The biggest reason I never bought this game. I didn’t know they’d go to this length, but knew that they’d be shutting off servers at some point and the game would be worthless. All that money anyone spent on it and the in-game items is now gone. All in Ubisoft’s pocket and all you’re left with is memories of playing the game. Wanna go back for some nostalgia? lol, no, fuck you. Just wait and hope a sequel will get released so they can continue the cycle.
When Nintendo eshop closed, I lost all my purchases. I tried contacting Nintendo to see if they could transfer my purchases to my switch account, but contacting Nintendo is like trying to contact god, you’re gonna get nowhere
Thanks UbiSoft for rubbing it in my face with this message, “You no longer have access to this game. Why not check the Store to pursue your adventures?”
Afaik nobody has cracked it as it’s always-online, though I’d be happily incorrect about this is one can slide me some sauce. I’m one of the affected players in the shutdown (still play occasionally) so the ability to continue playing this game would be very nice.
So if we need to somehow pirate it we need to break ubisoft drm and rediect the calls for savedata that are supposed to be sent to the servers to a local storage
There is a possibility that the game actually has a hidden “production mode” where it allows offline play. Make sense though because the game developers must be able to run the game during production where the server hasn’t been up yet. Research into the possibility of reenabling this mode in retail build seems to be losing steam though. Looks like it picked up some steam again: steamcommunity.com/app/…/4306075118785997064/
It can’t not have local save data. It can delete it at exit, sure, but it needs it to load the game properly. Save game extraction might be more complex, but it is still sent to the local machine.

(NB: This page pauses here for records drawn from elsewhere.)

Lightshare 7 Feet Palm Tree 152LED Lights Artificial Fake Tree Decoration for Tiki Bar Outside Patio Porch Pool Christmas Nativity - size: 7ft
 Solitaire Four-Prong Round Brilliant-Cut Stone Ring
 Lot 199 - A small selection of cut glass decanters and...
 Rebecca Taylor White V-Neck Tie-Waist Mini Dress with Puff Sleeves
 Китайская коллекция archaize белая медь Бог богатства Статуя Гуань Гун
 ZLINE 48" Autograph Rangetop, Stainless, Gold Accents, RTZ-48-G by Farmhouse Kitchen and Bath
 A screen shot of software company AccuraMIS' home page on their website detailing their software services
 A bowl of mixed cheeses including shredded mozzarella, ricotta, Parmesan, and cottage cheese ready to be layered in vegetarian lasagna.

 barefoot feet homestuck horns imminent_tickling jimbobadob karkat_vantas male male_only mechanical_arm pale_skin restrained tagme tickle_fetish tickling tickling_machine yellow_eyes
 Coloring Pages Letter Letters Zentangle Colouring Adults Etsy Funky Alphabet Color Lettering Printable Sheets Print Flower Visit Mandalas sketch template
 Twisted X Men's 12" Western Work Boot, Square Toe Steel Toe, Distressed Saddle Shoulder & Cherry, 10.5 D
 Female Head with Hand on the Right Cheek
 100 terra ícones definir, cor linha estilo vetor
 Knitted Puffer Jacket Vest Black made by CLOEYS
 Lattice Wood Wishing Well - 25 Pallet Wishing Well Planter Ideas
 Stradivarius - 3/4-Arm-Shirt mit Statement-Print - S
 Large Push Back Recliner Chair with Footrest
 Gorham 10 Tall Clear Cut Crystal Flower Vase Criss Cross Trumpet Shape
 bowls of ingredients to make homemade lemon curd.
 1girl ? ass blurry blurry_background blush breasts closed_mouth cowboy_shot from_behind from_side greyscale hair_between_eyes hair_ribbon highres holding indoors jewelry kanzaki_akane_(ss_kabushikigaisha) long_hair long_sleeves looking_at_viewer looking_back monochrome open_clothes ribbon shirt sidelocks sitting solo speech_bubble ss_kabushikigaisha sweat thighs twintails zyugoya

Maybe raise a stink with your attorney general and/or representative, too. The whole idea that a company can sell licenses for something and then arbitrarily decide they don’t want to do it anymore and revoke all the licenses doesn’t sound legal. And if it is, it doesn’t sound like it should be.
Not in this case, seeing that progress is stored online.
Who says that the game you care about tomorrow won’t do this next? Why be against an action/not care about something that can only benefit players now and in the long term?
The Crew was great in its time. It was basically the bridge between Test Drive Unlimited (superior open world gameplay) and early Forza Horizon (superior driving physics). Later Forza Horizon games simply took all the good gameplay features from both TLU and The Crew and is unmatched in quality now.
The Crew 2 was worse than both its predecessor and the competing Forza Horizon at that time, so if you were talking about that I’d half agree. But it’s still a problematic industry trend worth stopping.